Holy Nine Martyrs of Kyzikos in the Hymnography of the Orthodox Church


By Fr. George Dorbarakis

These most divine martyrs, who were gathered from various places and came to Kyzikos, put the ruler to shame by the courage of their mind and rejected with abhorrence the delusion of the idols. For this they were subjected to various tortures, without of course being persuaded to change. On the contrary: they offered themselves as a living sacrifice to the true God, whereupon they were put to death by the sword.

The Holy Nine Martyrs who contended in Kyzikos depict the nine immaterial ranks of the angels. This means: just as the angels unceasingly glorify the Triune God, always being ready in obedience to His all-holy will, in the same way these also: while they lived in this life, they obeyed the will of the Lord, and indeed they offered even their very life for His sake; therefore they were granted by Him to glorify Him together with the angels unceasingly in heaven. The Verses of the Synaxarion of the Saints, as well as many troparia from the odes, present this truth. 

“An image of the nine immaterial angelic ranks, are the nine men whose heads were cut off.” 

“By divine laws, being strengthened by the might of the Spirit, you cast down the counsels and the snares of the lawless; and having struggled lawfully, you attained glory.” (Ode 3).

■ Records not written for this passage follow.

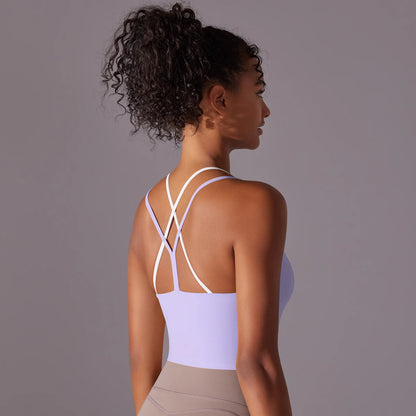 New Women Fitness Sports Bra Top Gym Yoga triangle backless Athletic Back Cutout Cross Tight Workout Soft With Chest Pad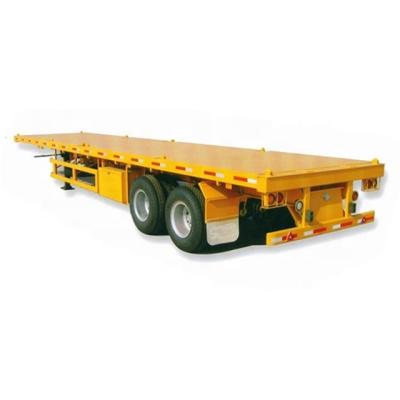 China Flatbed Truck Trailer 20ft Flatbed Truck Trailer For 20ft 40ft Container Transport Trailer for sale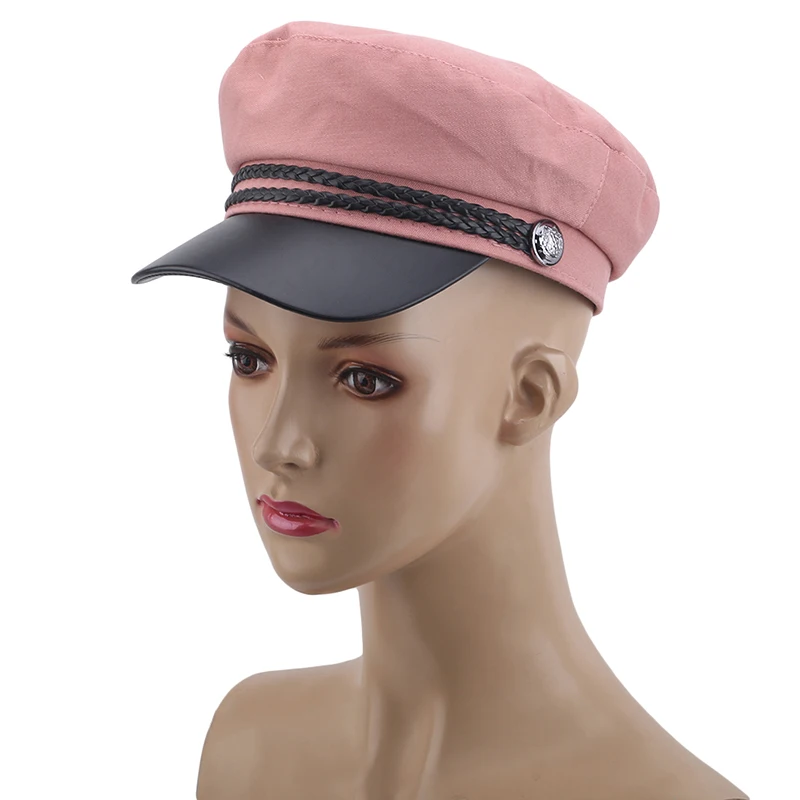 Модный женский берет, кожаная военная шляпа, моряк, черная Серая шапка s, шапка для женщин и мужчин, для путешествий, кадетские головные уборы Кепка Капитана, береты - Цвет: pink
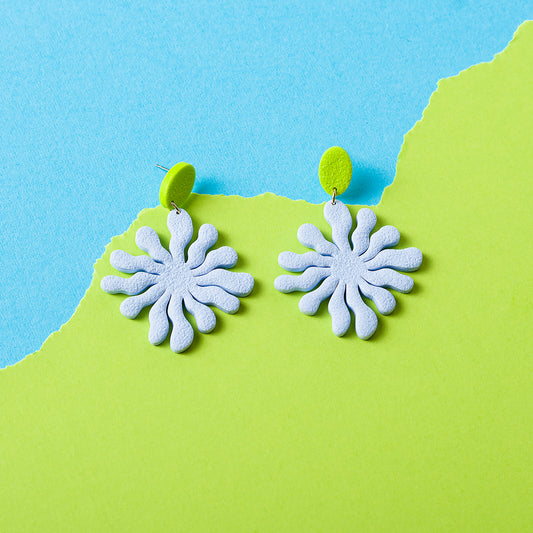 Seaweed Dangle Earrings - Lime Green Baby Blue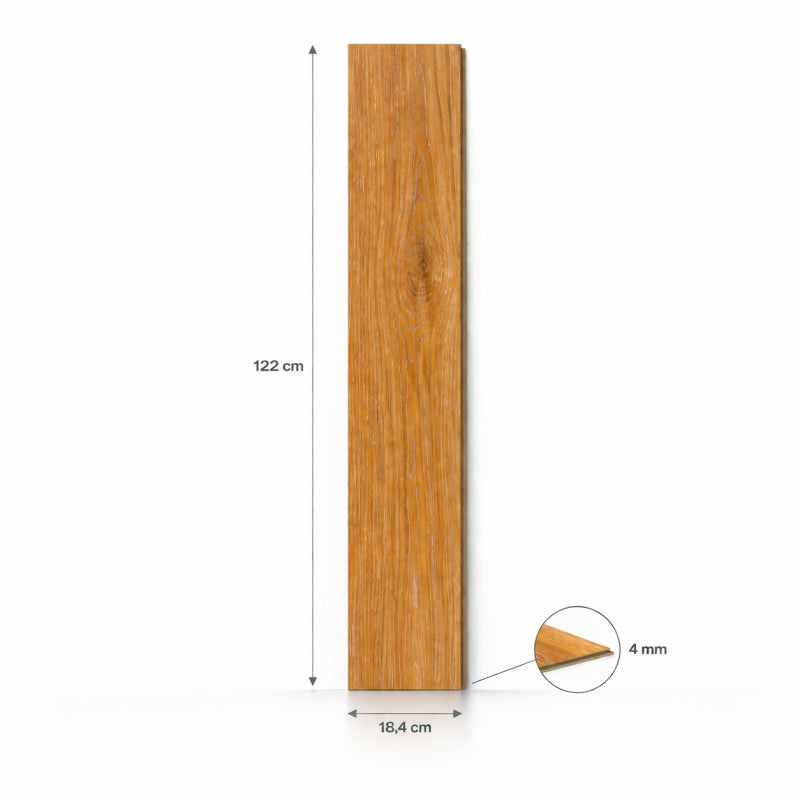 Piso vinilico SPC caja 12 unidades madera clara 2,69m2 122x184cm 4mm espesor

Saint Joseph the Hymnographer, from the beginning, emphasizes what our Church, based on the holy word of the Lord, continually proclaims: no one receives the crown from God unless he struggles lawfully, that is, according to the will of God. “No athlete is crowned unless he competes lawfully” (Apostle Paul). Whatever a person does, whatever course of life he chooses to follow, he will never have a real relationship with God if he sets aside His holy commandments. “Walk by means of the commandments” is the constant exhortation of our Holy Fathers and of our Church, which means to walk in Christ. “Walk in Him” (Apostle John).

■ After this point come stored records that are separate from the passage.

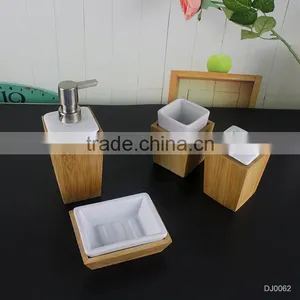 Chaozhou Factory Direct Wholesale European Ceramic Bath Accessaries, Bathroom Set With Wooden Wrapping thumbnail-1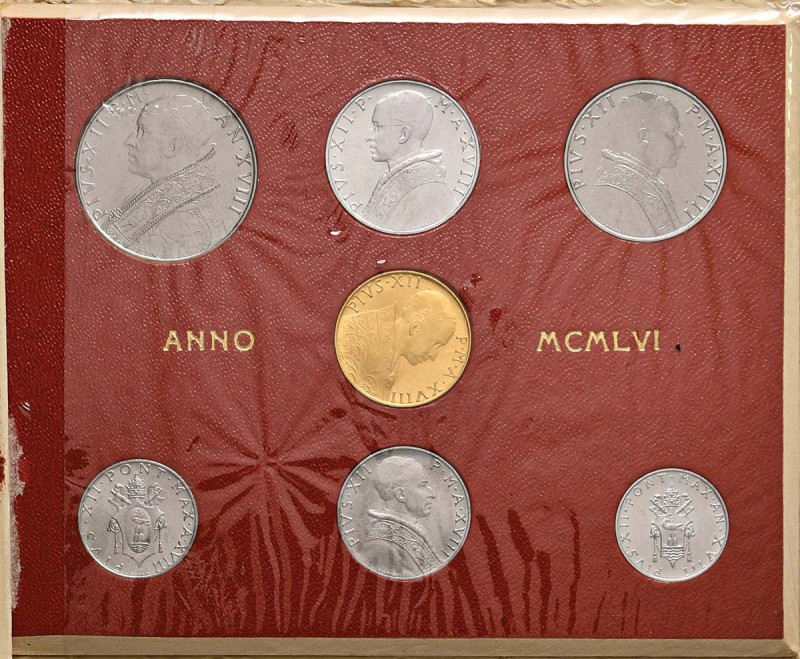 Pio XII (1939-1958) Divisionale 1956 - Nomisma 751 AU, AC, IT RR Lotto di sette ...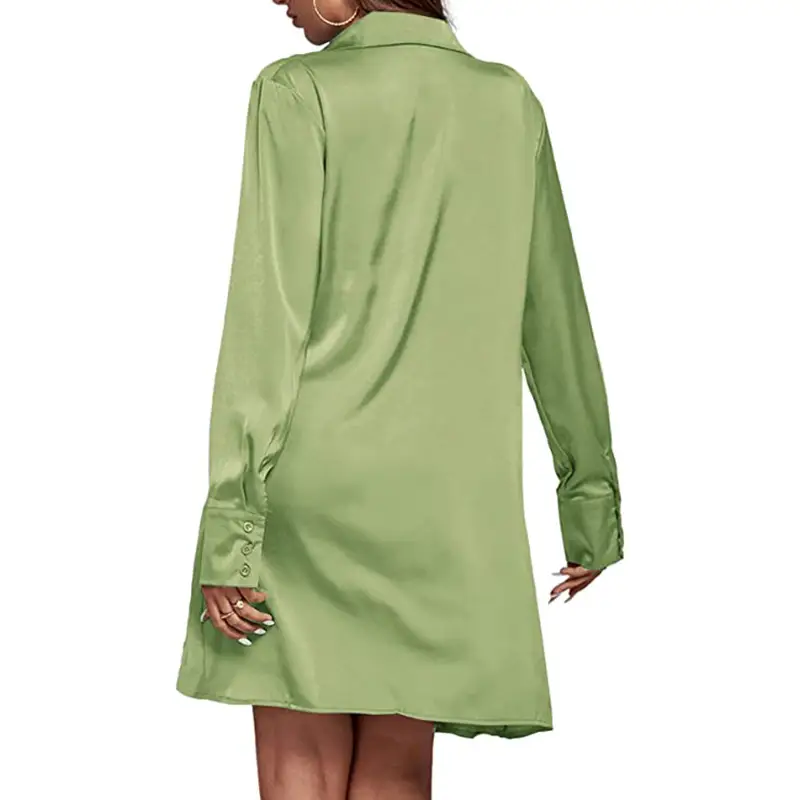 Red Loose Sleeve Collar Dress for Women — feature 13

The Holy Hymnographer, beyond the above truth which constitutes the essence of the holiness of the nine martyrs — and of all the saints — dwells also on something that is a proof of the right course of life of the nine: their unity. The Saints, although nine in number and indeed coming from different regions, had one soul and one heart. What the Evangelist Luke notes for the first community of Jerusalem in the Acts of the Apostles — that is, that the Christians “had all things in common, because they all had one heart and one mind” — what our Church prays for, following the command of her Head, Jesus Christ, “that they all may be one,” this exactly we see in the nine heroes of the faith today. They may have been nine bodies, but one was their mind, because of their common faith and love for Christ. And from this point of view, wherever there is division and enmity and hatred, even if the same faith is confessed, Christ is not present there. 

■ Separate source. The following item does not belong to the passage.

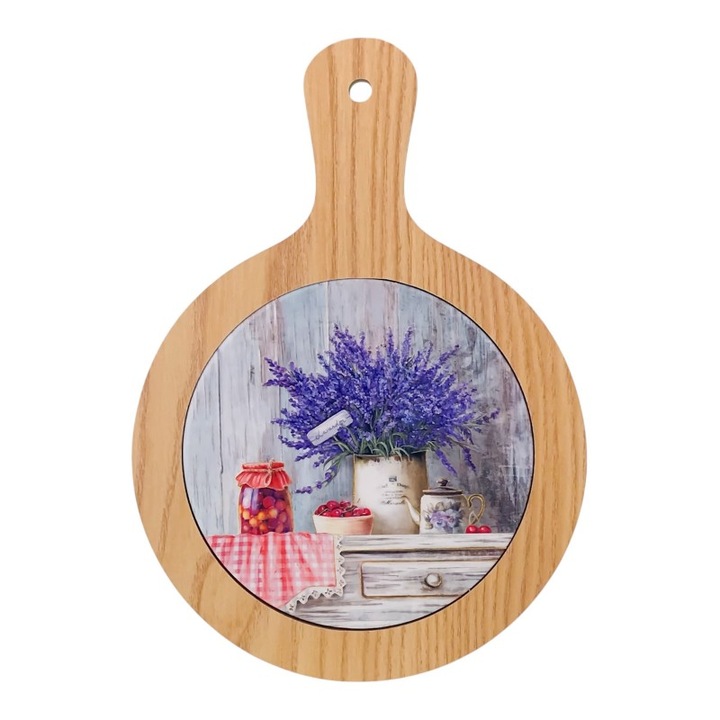 Suport din ceramica pentru oala fierbintre, cu chenar din lemn, cu lavanda.20x28 cm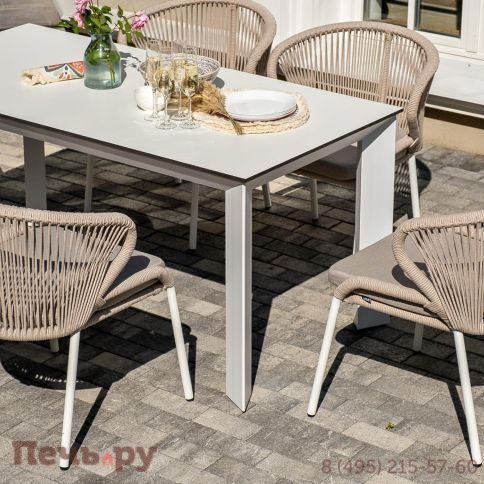 Обеденная группа 4SiS Венето на 6 персон со стульями Милан, каркас белый, роуп бежевый фото 6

“Having one mind in your different bodies, you together received the crown of martyrdom, O martyrs” (Ode 4). 

And elsewhere: 

“Six youths together with three others, having acquired one mind in many bodies, quenched the furnace of delusion, being piously refreshed by the dew of the divine Spirit” (Ode 7).

This unity in faith and love, a manifestation of the presence of Christ in their life, culminating also in their common martyrdom, made them, according to the Hymnographer, act in the world on the one hand as rain that refreshes the faithful, and on the other as a force of dryness for the delusion of atheism. In other words, the greatest offering of a believer, in order to help his fellow men find the way of living faith and to strike a decisive blow against demonic and corrupting atheism, which dries up life, is to live himself in Christ, ready even to sacrifice his life for his faith. Saint Joseph also guides us in this: 

“Mystical clouds, raining upon the faithful with the showers of your blood, you were shown to be, O wise and most admirable athletes, and drying up the delusion of atheism by grace; therefore we bless you” (Ode 1). 

“With the streams of your revered blood you truly dried up the sea of idolatrous deceit, and you watered the Church of Christ, O martyrs, God-minded ones” (Ode 6).